## Aim of the task
Once you reach the line that contains "Puzzle 1000 el. Skrzydlate cuda", retype it and every line after it exactly, ending with the last line of the entries.

## Supplied material
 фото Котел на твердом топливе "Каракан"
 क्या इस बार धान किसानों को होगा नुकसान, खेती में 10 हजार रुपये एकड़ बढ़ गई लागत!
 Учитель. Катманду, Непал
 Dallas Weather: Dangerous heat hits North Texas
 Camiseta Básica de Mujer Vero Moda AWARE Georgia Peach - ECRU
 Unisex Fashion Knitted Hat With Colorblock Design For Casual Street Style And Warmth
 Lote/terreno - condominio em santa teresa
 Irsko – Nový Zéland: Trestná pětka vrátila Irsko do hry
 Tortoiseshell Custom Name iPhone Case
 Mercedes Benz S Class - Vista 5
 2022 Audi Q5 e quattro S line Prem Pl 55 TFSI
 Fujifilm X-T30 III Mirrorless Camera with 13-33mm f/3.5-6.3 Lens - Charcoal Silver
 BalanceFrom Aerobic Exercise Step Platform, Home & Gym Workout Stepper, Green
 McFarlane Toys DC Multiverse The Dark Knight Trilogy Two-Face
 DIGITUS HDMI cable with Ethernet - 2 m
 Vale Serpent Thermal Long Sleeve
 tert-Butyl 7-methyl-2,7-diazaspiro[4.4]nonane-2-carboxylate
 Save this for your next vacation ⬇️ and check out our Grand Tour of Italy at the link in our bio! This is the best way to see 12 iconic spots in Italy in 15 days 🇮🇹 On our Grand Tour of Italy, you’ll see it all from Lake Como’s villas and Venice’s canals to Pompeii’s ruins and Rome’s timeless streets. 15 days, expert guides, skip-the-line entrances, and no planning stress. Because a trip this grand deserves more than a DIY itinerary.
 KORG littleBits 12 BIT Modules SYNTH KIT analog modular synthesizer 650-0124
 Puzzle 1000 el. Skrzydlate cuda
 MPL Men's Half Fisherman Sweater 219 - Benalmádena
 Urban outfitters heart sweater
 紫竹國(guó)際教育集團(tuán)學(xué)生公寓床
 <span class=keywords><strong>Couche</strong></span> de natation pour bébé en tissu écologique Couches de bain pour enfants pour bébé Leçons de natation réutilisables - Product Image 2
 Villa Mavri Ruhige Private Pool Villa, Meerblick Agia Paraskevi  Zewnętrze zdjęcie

## Result of this task
 Puzzle 1000 el. Skrzydlate cuda
 MPL Men's Half Fisherman Sweater 219 - Benalmádena
 Urban outfitters heart sweater
 紫竹國(guó)際教育集團(tuán)學(xué)生公寓床
 <span class=keywords><strong>Couche</strong></span> de natation pour bébé en tissu écologique Couches de bain pour enfants pour bébé Leçons de natation réutilisables - Product Image 2
 Villa Mavri Ruhige Private Pool Villa, Meerblick Agia Paraskevi  Zewnętrze zdjęcie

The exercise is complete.